### [THE PROBLEM]
Go through the records below and copy out every line holding "Automatic".

### [SUPPLIED MATERIAL]
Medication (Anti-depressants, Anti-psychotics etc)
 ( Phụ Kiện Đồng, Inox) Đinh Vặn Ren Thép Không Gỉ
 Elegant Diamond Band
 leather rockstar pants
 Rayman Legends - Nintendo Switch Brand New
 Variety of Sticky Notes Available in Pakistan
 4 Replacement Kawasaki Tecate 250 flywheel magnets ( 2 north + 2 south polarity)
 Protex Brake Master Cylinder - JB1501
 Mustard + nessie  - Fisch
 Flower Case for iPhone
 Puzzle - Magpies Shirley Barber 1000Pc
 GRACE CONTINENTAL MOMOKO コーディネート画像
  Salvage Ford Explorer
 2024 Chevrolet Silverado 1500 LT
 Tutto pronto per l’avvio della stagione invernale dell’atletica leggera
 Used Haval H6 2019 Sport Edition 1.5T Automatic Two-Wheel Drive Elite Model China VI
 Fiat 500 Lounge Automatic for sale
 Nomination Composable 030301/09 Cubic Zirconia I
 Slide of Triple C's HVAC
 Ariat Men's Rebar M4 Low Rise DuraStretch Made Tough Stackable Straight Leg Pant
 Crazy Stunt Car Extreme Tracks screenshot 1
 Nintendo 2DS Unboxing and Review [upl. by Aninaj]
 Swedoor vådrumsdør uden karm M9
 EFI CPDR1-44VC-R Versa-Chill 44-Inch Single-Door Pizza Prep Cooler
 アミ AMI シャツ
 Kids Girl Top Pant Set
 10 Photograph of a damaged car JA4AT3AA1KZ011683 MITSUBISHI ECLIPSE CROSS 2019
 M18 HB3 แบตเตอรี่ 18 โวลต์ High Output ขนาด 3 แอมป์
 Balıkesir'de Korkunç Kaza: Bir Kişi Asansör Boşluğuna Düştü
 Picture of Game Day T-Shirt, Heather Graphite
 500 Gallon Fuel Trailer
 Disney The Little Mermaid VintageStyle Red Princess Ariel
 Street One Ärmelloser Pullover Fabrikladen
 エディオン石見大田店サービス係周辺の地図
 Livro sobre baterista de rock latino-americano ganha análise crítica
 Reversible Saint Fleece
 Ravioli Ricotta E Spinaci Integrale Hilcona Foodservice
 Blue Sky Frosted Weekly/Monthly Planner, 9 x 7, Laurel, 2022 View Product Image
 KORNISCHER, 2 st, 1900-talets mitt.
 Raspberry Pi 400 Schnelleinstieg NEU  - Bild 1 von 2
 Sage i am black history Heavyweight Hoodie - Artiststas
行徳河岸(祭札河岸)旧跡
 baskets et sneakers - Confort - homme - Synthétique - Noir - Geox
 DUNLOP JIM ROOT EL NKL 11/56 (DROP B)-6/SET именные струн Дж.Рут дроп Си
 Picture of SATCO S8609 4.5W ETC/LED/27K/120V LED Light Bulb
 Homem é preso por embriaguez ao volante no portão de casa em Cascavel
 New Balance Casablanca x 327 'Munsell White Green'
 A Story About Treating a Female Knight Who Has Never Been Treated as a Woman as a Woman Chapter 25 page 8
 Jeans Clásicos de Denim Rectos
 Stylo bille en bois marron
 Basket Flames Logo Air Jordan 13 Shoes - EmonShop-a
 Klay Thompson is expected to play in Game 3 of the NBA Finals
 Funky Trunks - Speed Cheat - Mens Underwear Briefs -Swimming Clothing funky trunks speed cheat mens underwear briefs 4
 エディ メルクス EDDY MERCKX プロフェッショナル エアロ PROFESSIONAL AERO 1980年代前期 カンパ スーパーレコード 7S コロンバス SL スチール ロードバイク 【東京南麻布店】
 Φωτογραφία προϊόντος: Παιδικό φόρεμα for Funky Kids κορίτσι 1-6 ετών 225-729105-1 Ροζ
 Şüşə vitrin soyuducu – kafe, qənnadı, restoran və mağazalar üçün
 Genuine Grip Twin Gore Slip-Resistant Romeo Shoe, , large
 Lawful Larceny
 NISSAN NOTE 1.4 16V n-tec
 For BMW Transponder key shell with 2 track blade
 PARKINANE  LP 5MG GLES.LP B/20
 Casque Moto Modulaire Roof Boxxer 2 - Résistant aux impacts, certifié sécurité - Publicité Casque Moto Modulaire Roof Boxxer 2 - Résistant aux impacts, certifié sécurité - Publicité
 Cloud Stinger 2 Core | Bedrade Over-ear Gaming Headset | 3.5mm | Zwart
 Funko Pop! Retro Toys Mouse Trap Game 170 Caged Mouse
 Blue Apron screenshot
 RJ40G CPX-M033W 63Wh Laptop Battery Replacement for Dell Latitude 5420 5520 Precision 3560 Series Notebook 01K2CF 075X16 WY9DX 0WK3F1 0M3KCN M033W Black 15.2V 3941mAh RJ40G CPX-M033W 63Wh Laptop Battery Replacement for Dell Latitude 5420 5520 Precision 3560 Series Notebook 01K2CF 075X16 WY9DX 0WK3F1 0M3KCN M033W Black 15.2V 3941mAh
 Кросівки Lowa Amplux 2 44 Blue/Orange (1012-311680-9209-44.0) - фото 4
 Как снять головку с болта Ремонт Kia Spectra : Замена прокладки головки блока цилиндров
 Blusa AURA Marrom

### [SOLUTION FOR THIS PROBLEM]
 Used Haval H6 2019 Sport Edition 1.5T Automatic Two-Wheel Drive Elite Model China VI
 Fiat 500 Lounge Automatic for sale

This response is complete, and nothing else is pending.